Oliver Dowden has dismissed the claim that former prime minister Boris Johnson saw Covid as “nature’s way of dealing with old people”.
Dowden, who serves as deputy prime minister and chancellor of the Duchy of Lancaster, said that that account, which was revealed at the Covid inquiry yesterday, was “very partial”.
He told Sky News: “I’m quite sure that when the former prime minister gives evidence, he will give a full account of himself”, adding: “I’m not going to give commentary on one individual piece of information.”
The former PM’s purported comments emerged as Lee Cain, the former PM’s communications chief, and Dominic Cummings, a senior adviser to Boris Johnson in Downing Street, both gave oral evidence to the inquiry on Tuesday.
The specific remark that Covid was “nature’s way of dealing with old people” emerged from notes written by former chief scientist Sir Patrick Vallance in August 2020.

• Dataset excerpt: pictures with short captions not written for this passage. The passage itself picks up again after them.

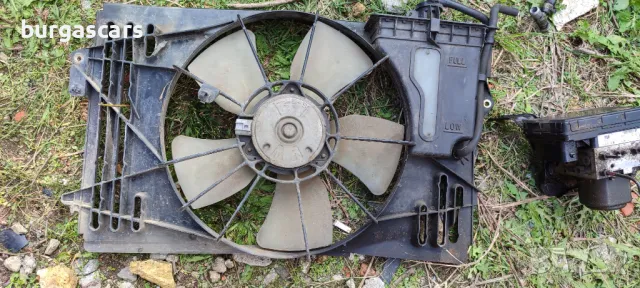 Перка охлаждане Toyota Corolla Verso 1.6 - 100лв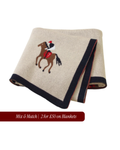Startsmart Oatmeal Horse Blanket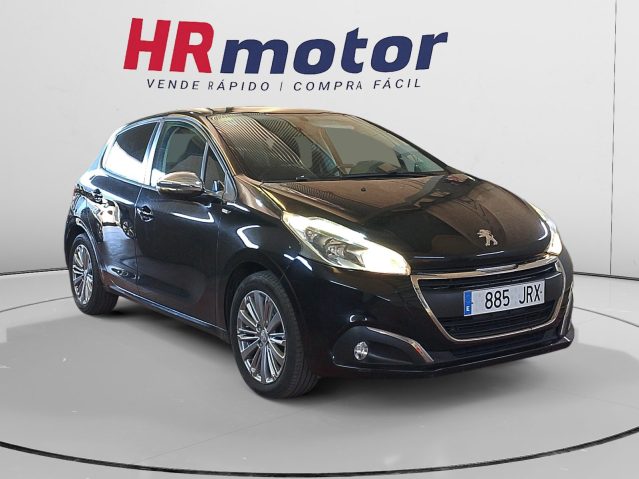 Peugeot 208 1.2 12V VTi PureTech Style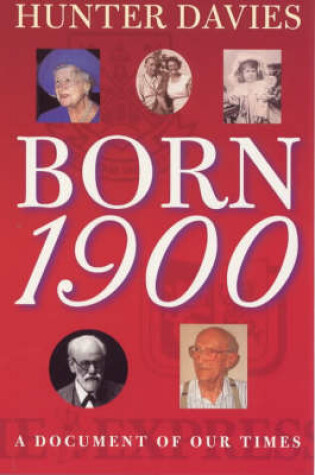 Cover of Born 1900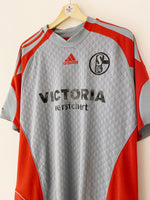 2006/07 Schalke GK S/S Shirt (L) 6/10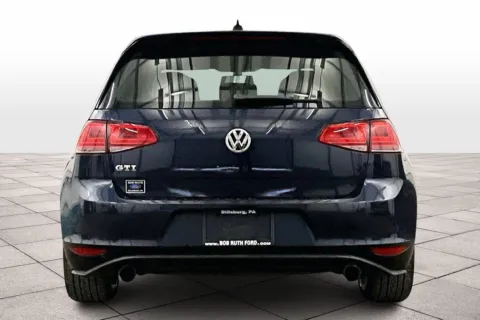 More photos of 2016 Volkswagen Golf GTI SE at Bob Ruth Ford Dillsburg, PA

He wrote: “Numbers are going up & up. PM told he has been acting early and the public are with him (but his party is not). He says his party ‘thinks the whole thing is pathetic and Covid is just Nature’s way of dealing with old people — and I am not entirely sure I disagree with them. A lot of moderate people think it is a bit too much.’”.
A further note from August 2020 reads: “[Boris Johnson was] obsessed with older people accepting their fate and letting the young get on with life and the economy going. Quite bonkers set of exchanges.”
Elsewhere Johnson told Cain, his director of communications, via WhatsApp in October 2020: “Jeeez. I must say I have been slightly rocked by some of the data on covid fatalities. The median age is 82-81 for men 85 for women. That is above life expectancy. So get COVID and live longer. Hardly anyone under 60 goes into hospital (4 per cent) and of those virtually all survive.
“And I no longer buy all this nhs overwhelmed stuff. Folks I think we may need to recalibrate. There are max 3m in this country aged over 80.”
Dominic Cummings’s exasperation with Johnson’s early Covid approach was captured in WhatsApps sent during a 19 March 2020 meeting which included the former prime minister.
“Get in here he’s melting down”, Cummings messaging Cain, in an apparent reference to Johnson.
“I’ve literally said same thing ten f—ing times and he still won’t absorb it”, Cummings wrote in another message.
Asked this morning about Cummings’ testimony yesterday, Dowden told Sky News this morning” didn’t have a great deal of time to watch the entire proceedings” but “caught some of it”.
He said Cummings gave a “full and frank account”, but added: “I think it’s important that the inquiry takes all those bits of evidence, pieces them together, and then gets to the truth of exactly what happened, produces its conclusions, and then the government will respond fully and comprehensively.”
It was also claimed yesterday that Rishi Sunak, then chancellor, had blocked the idea of paying people on low wages to self-isolate to stop Covid spread.
Dowden defended Sunak, saying: “The current prime minister Rishi Sunak will be giving evidence to that inquiry.
“I think he’s got an awful lot to be proud of in terms of the way he conducted himself.”
The deputy PM cited the job retention scheme which saved “many millions” of jobs.
He also insisted to Times Radio that the running of government is now better than it was during the pandemic.
Asked if things were better now than they were then, the Dowden explained: “Yes, it is certainly the case that we have learnt the lessons in many ways.
“First of all I should say when I gave evidence to the inquiry I committed that the Cabinet Office would learn the lessons that the inquiry comes up with in terms of how we conduct ourselves in future.
“But we have not sat still since Covid happened.”
He added: “This is an ongoing process and of course the conclusions of this inquiry will help inform further steps.”